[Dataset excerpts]
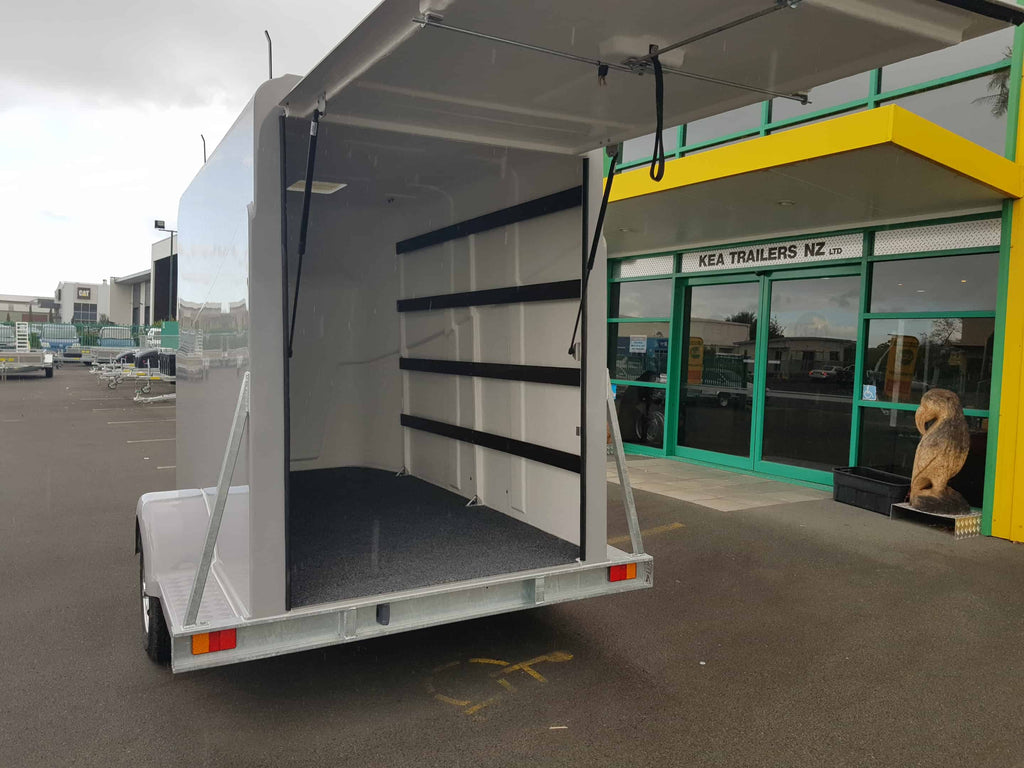 Kea Large Shuttle Single Axle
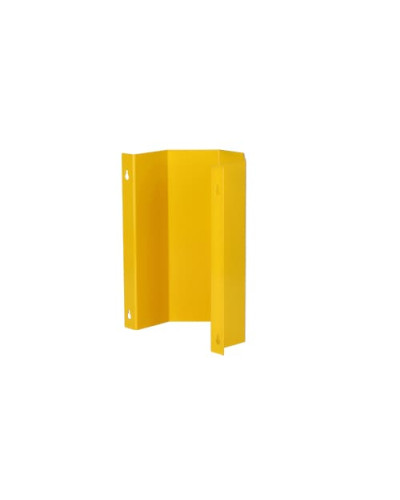 Protection for drainage hoses and pipes 500x395, for dowelling, Indoor use, yellow-black  - INCAPCORP. Buy in the online store.
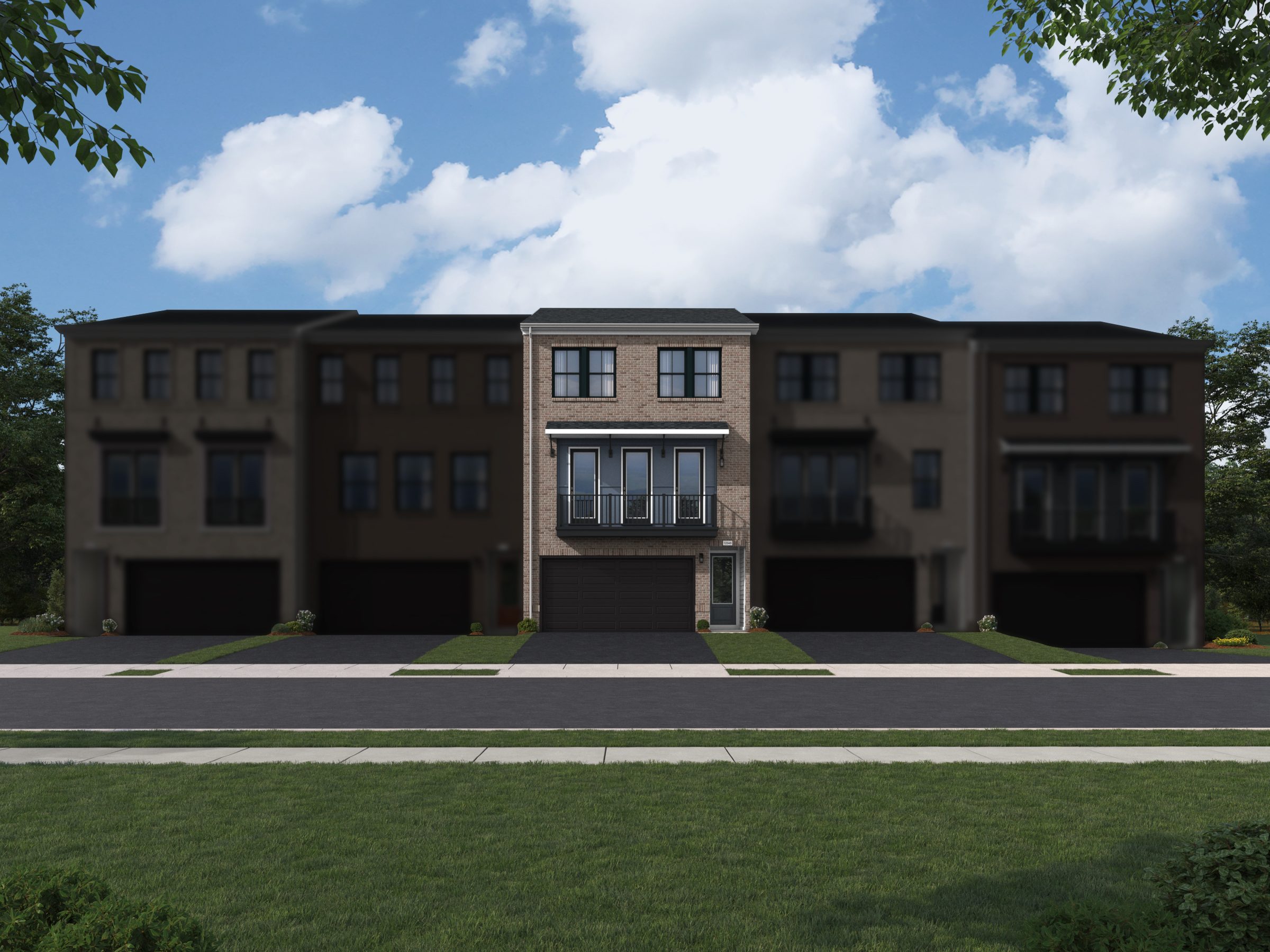 Tyce 24-F2 - Homesite 4351, Townhome, West Park III, Located in Brambleton, VA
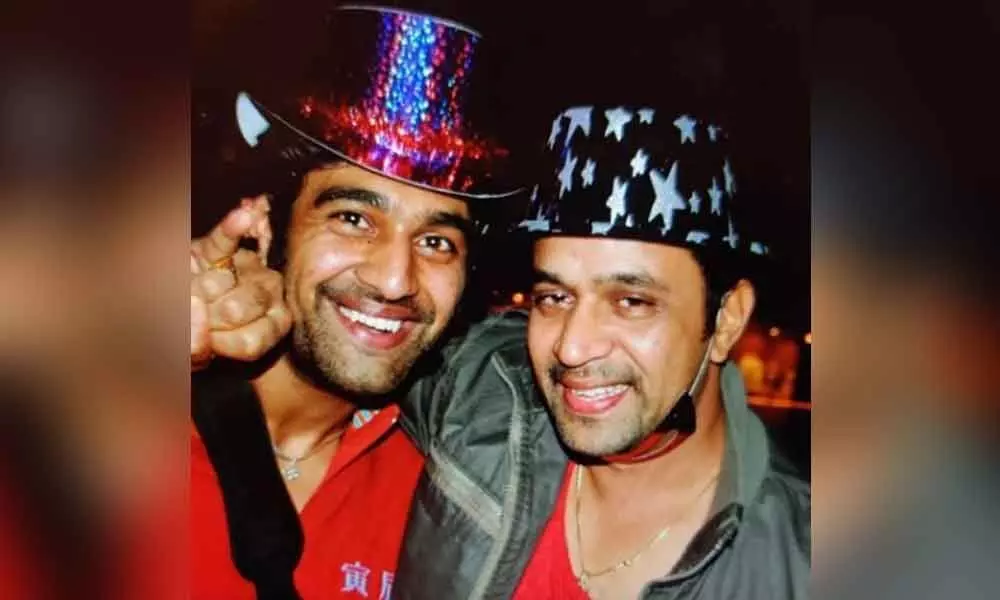 I Miss You My Boy, Fate Is Cruel: Arjun Sarja On Chiranjeevis Death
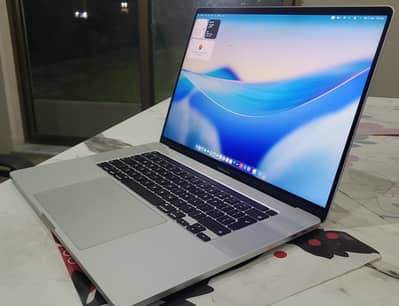 Mac 2019 16" i7 32 (03256785678)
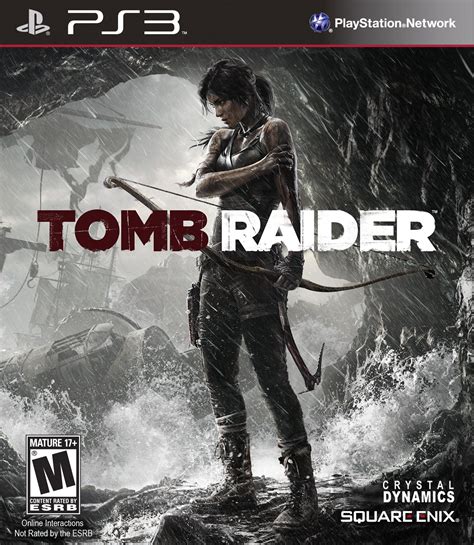 Tomb Raider For Ps3 Walkthrough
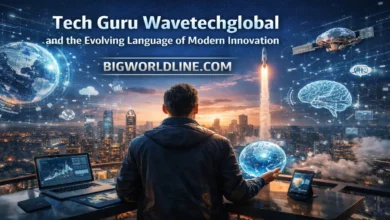 Tech Guru Wavetechglobal and the Evolving Language of Modern Innovation 7 Tech guru wavetechglobal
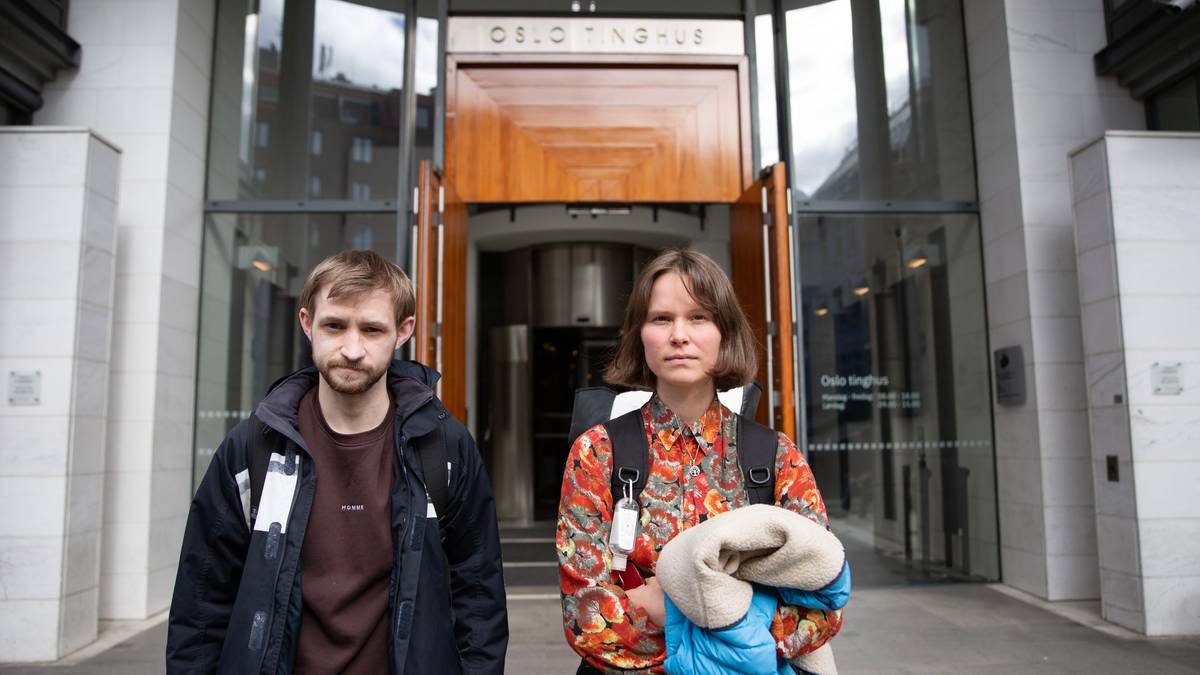 Risikerer fengsel for Monolitten-tilgrising – får støtte fra FN-nestor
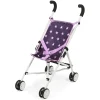 BAYER CHIC 2000 Mini-Buggy ROMA Stars Lila 7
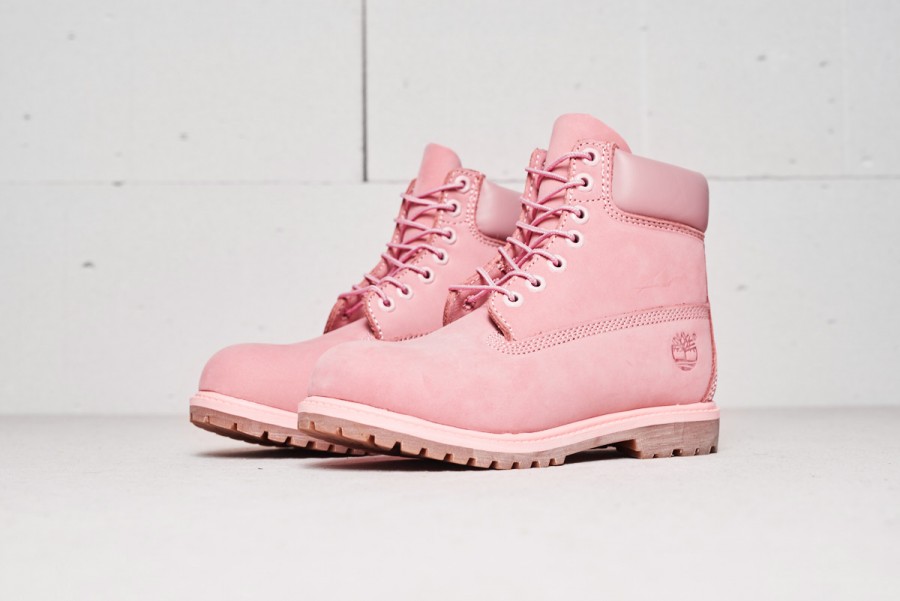 Ботинки Timberland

# [Problem to work on]
Copy out all of the data word for word. Do not carry over any picture.

# [Task result]
 Kea Large Shuttle Single Axle
 Protection for drainage hoses and pipes 500x395, for dowelling, Indoor use, yellow-black  - INCAPCORP. Buy in the online store.
 Tyce 24-F2 - Homesite 4351, Townhome, West Park III, Located in Brambleton, VA
 I Miss You My Boy, Fate Is Cruel: Arjun Sarja On Chiranjeevis Death
 Mac 2019 16" i7 32 (03256785678)
 Tomb Raider For Ps3 Walkthrough
 Tech Guru Wavetechglobal and the Evolving Language of Modern Innovation 7 Tech guru wavetechglobal
 Risikerer fengsel for Monolitten-tilgrising – får støtte fra FN-nestor
 BAYER CHIC 2000 Mini-Buggy ROMA Stars Lila 7
 Ботинки Timberland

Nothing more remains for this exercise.